Auch sein Gesicht zeigte, wie er sich verändert hatte. Seinen
Zügen mangelte es an der typischen Ebenmäßigkeit der Elfen;
sie wirkten nicht wie aus poliertem Alabaster, sondern eher wie
aus Stein gemeißelt. Sein Kiefer war eckig, der Nasenrücken
stark und gerade und seine Wangenknochen kantig. Und
natürlich waren seine Augen weniger mandelförmig als die der
anderen Elfen.
Flint wußte, daß Tanis drüben in Solace als schöner, junger
Mann angesehen werden würde, aber hier… nun, die meisten
in der Stadt hatten sich inzwischen anscheinend an ihn
gewöhnt, so daß er nicht mehr dauernd angestarrt wurde.

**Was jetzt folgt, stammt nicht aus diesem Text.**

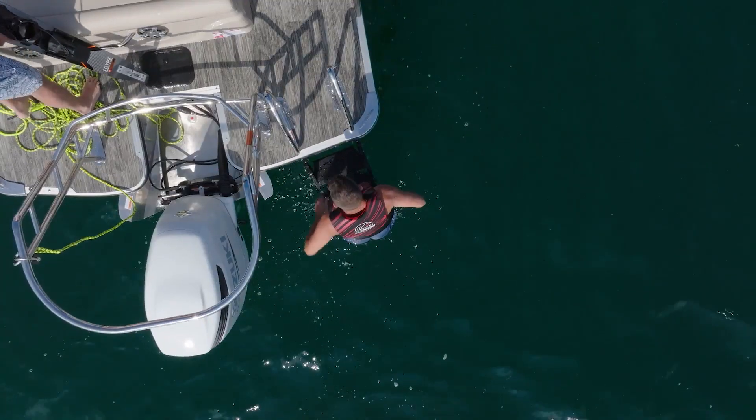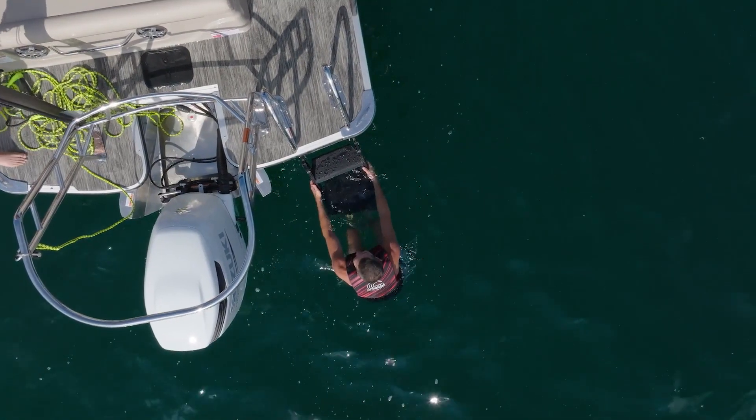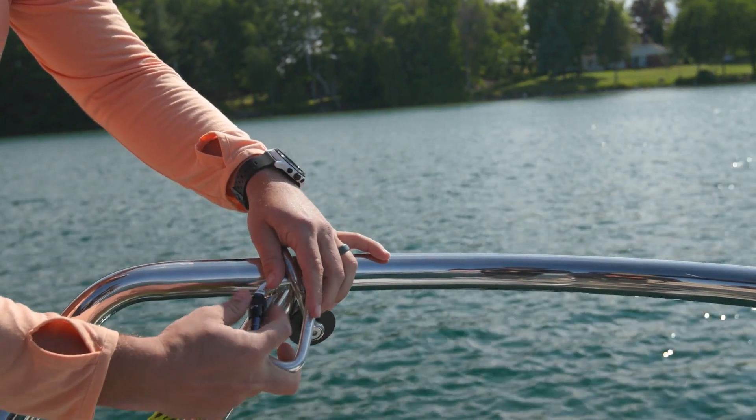Keep the rope together on the rear seat or deck. If you're tubing, make sure the tube is securely attached. If you're using a bar, ensure it's ready to be thrown into the water once the rider is ready.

Zumindest gab es nur noch selten einen gemurmelten
Kommentar, der nie so laut geäußert wurde, daß Tanis oder
Flint denjenigen wirklich stellen konnten. Dennoch war es eine
schwere Zeit für Tanis gewesen. Menschen alterten so viel
schneller als Elfen und Zwerge, daß Tanis sich – für sein
Elfenvolk – wie über Nacht verändert hatte.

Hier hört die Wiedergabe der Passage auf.